The original goal of alimony was to make husbands provide for their wives. Alimony can be traced back centuries, and, though it may sound odd to the modern reader, this was a time in which women did not have any job opportunities. The courts assumed men would provide for them, and if a marriage broke up, they knew women still had basic needs — food, shelter and more — that had to be met.
There was also a concern, noted in some historical documents, that women without this support would be a burden on the local community.
Alimony is still needed in some situations, but things have definitely changed. Women work frequently, and there’s not the same biased assumption that they must have husbands to take care of them. There are laws in place to help both genders get equal opportunities in the workplace and both spouses now contribute.

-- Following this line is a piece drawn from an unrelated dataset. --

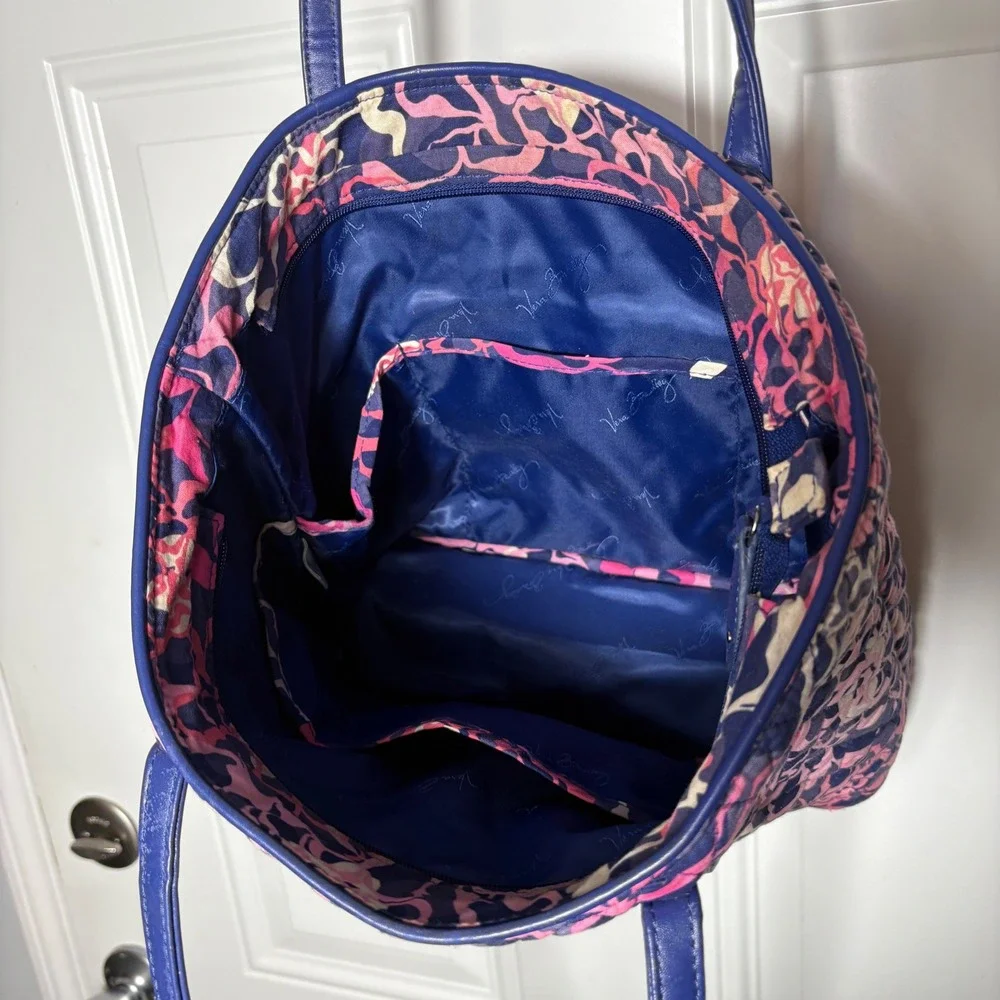 Vera Bradley Tote Bag Womens Medium Purple Pink Floral Excellent Quilted Cotton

Again, this doesn’t mean alimony is never helpful. There are cases where one spouse gives up a career to help with the kids, for example, and needs support after a divorce because of that sacrifice. However, these one-sided work arrangements are no longer as common as they once were, and they’re no longer as strongly tied to one gender. Husbands may be inclined to ask for alimony if their wives earn more than they do. The unfair, stereotypical gender bias has slowly faded.
It’s important to understand the origins of alimony to know why it exists and how people’s rights have changed over the years. Make sure you know what your rights are, and don’t let any unfair biases stand in the way of a just court order.